"The Signing Family"
Goals for the reading assignment:
Preface: This book is designed for parents with deaf children who are trying to sort through the myriad conflicting views on how to properly raise a deaf child. As you read this book try to imagine yourself a parent with an unexpected deaf child. How do you evaluate this information?
Assignment:
Follow the course schedule for assignment dates and pages.
Respond to the questions posted below and turn in on the due date.
You all have access to computers and word-processing software and so I
will request that you type
your responses.
Keep your responses succinct; I expect those assignments to be no more than three pages long.
The Signing Family # 1
Response Questions for Pages 1 - 51 - This book is obviously written for parents with deaf children. For this assignment imagine that you are a parent with a deaf infant and you are reading this book looking for help. What are your reactions to these first three chapters? Answer these four questions:
1. What advice or information strikes you as particularly insightful or helpful?
2. What advice or information is confusing or do you disagree with?
3. What is missing?

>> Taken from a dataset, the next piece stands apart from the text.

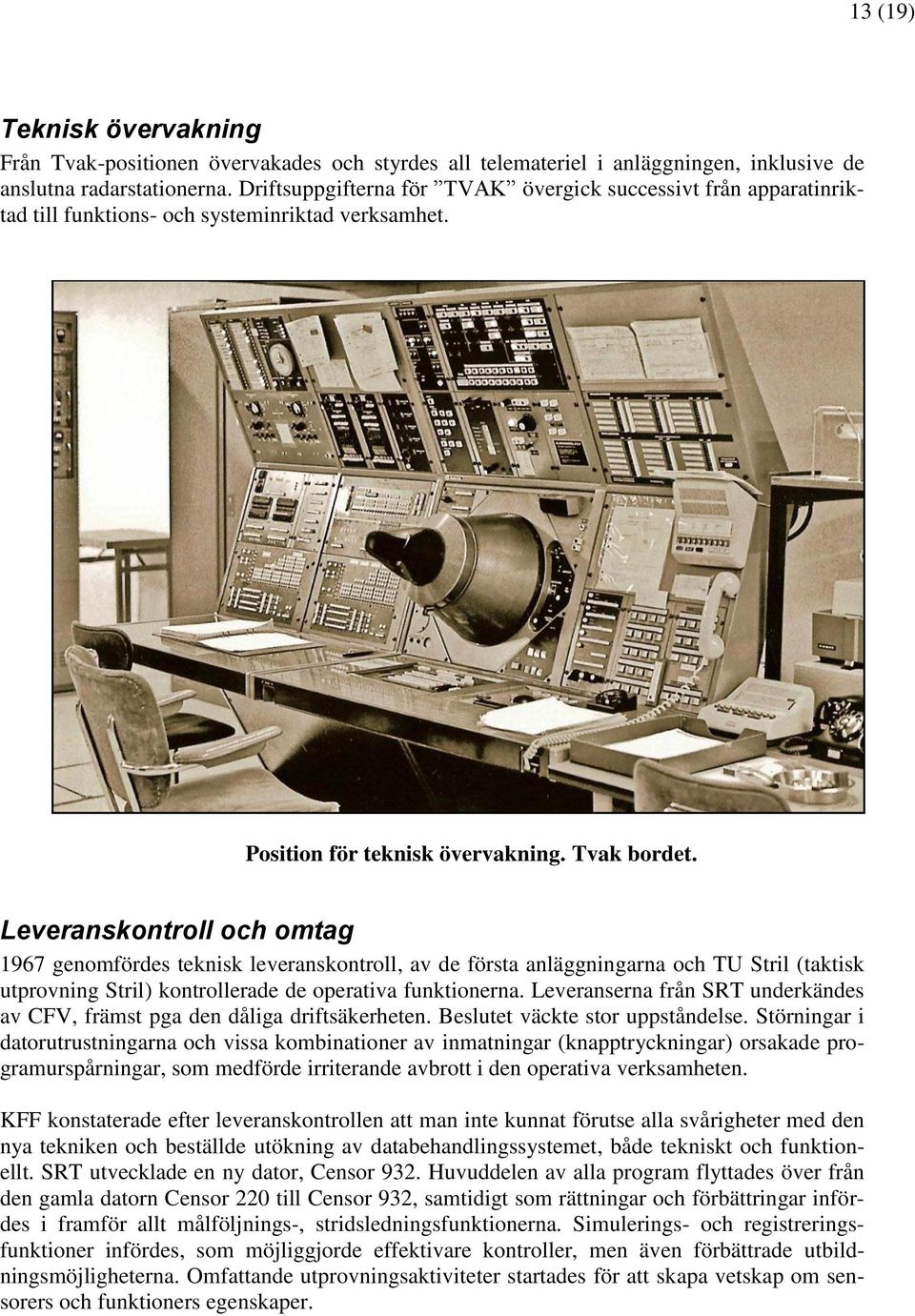 Leveranskontroll och omtag 1967 genomfördes teknisk leveranskontroll, av de första anläggningarna och TU Stril (taktisk utprovning Stril) kontrollerade de operativa funktionerna.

What more information do you want to know?
4. Would you recommend this book to another parent? Why?
The Signing Family # 2
Response Questions for Pages 52 - 102 - By now you have probably watched and/or read about the many (and sometimes conflicting) philosophies and approaches to education and communication with deaf children. Hopefully you are realizing how overwhelmingly complicated and confusing it can become for parents try to do the "right thing". You might also be adjusting or confirming your own opinions about the matter. Good! And hopefully you are realizing that any literature, videotape, or resource needs to be viewed with informed and critical eyes.

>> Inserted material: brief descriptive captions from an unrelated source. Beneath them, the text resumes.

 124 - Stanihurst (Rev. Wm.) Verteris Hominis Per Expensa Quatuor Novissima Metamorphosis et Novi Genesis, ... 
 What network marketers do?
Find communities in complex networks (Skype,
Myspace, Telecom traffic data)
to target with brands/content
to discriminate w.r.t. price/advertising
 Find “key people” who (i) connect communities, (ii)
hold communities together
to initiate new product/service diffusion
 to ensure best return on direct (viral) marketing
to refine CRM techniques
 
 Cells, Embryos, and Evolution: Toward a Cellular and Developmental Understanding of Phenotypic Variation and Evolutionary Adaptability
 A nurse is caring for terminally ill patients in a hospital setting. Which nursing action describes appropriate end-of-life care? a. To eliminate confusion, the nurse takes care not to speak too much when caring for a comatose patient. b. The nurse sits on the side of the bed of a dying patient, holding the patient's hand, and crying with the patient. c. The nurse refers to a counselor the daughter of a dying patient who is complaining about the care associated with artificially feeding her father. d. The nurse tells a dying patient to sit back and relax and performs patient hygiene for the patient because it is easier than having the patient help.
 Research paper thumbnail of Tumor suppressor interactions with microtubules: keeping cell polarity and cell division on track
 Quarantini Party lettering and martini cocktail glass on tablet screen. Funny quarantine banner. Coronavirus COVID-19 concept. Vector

1) On page 66 the author writes: "There are a number of reasons why parents may want their children to learn ASL. A primary reason is that many deaf children learn ASL more easily than any other form of signed communication, provided they are exposed to it."
Later, on page 100, the author writes: "Betsy and Kevin have listened to the criticisms of SEE: that it is too hard to watch, too complicated to learn, ...Yet they find SEE easier to watch than ASL because English is their first language ... This is true for the (deaf) children, too, and the neighbors and the hearing children at school."

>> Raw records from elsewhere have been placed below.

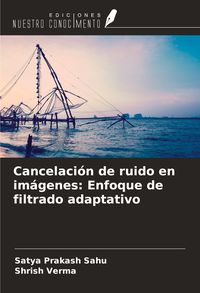 Produktbild: Cancelaci&oacute;n de ruido en im&aacute;genes: Enfoque de filtrado adaptativo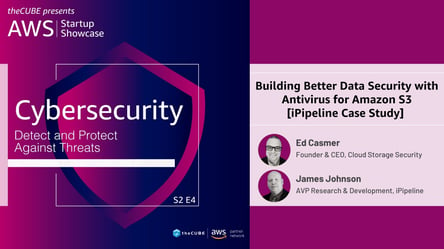 Building Better Data Security with Antivirus for Amazon S3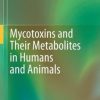 Mycotoxins and Their Metabolites in Humans and Animals (EPUB)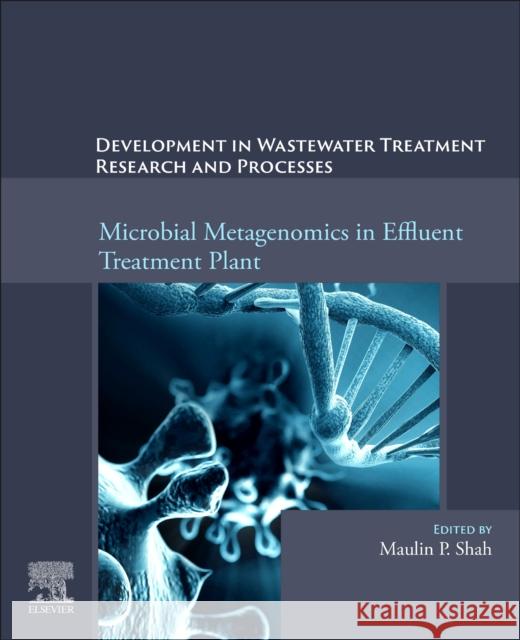 Microbial Metagenomics in Effluent Treatment Plant Maulin P. Shah 9780443135316 Elsevier - książka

Based on your current knowledge and experiences, comment upon these seemingly paradoxical statements (don't duck out and say you don't know enough).
2) A. What is the "two out of three rule"? How would you apply it to this sentence: Boy! That girl is mean!
B. How do you sign this sentence in SEE? How do you sign it in ASL? ( Ask your teachers or TAs or friends for any signs you need.)
C. After you determine how to sign the two sentences, and using your knowledge and experience at this point, provide some of your thoughts or perceptions regarding ASL and SEE?
The Signing Family # 3
Response Questions for Pages 103 - 155
1. On page 111 the author states: "The main reason parents learn to use an MCE system is to model English language word order to their deaf children." Later, on page 112, the author states: "Signed English is designed to move from a word-for-word modeling of English...to a more natural type of signing that resembles ASL."
a. What
does "MCE" stand for?
b. Why would the SE developers want to drop the "English" structures and
replace them with ASL structures?
c. Based on information from the previous sections in the book, does the
author give a different reason why parents learn an MCE system other than to
model English to their children?
2. On page
124 the author states: "(Contact Signing) is used by a majority of the teachers
of deaf children in their everyday interactions with students."
On page 119 the author states: "...does (Contact Signing's) incomplete
representation of both English and ASL make it a poor language model for deaf
children? Certainly, more research is needed before we can assess the influence
of contact signing on the language development of deaf children."
Based on what you have learned about signing systems and deaf education - how is it that the signing system that is most often used in the classroom is the system that least provides a language model for deaf children? What might you predict to be the potential repercussions?
3. Scenario: Two deaf students are attending the same elementary school and grade in a small rural town. They are the only deaf students in the school district. At an IEP conference for deaf student #1, who has a cochlear implant, the parents insist that the teacher not use any sign language in the classroom as it will impede the child's auditory progress. At an IEP conference for deaf student #2, who has deaf grandparents, the parents insist that ASL or Contact Signing be used.
Based on the information provided in the book about the laws regarding education of deaf children, what might the school recommend to resolve the conflict?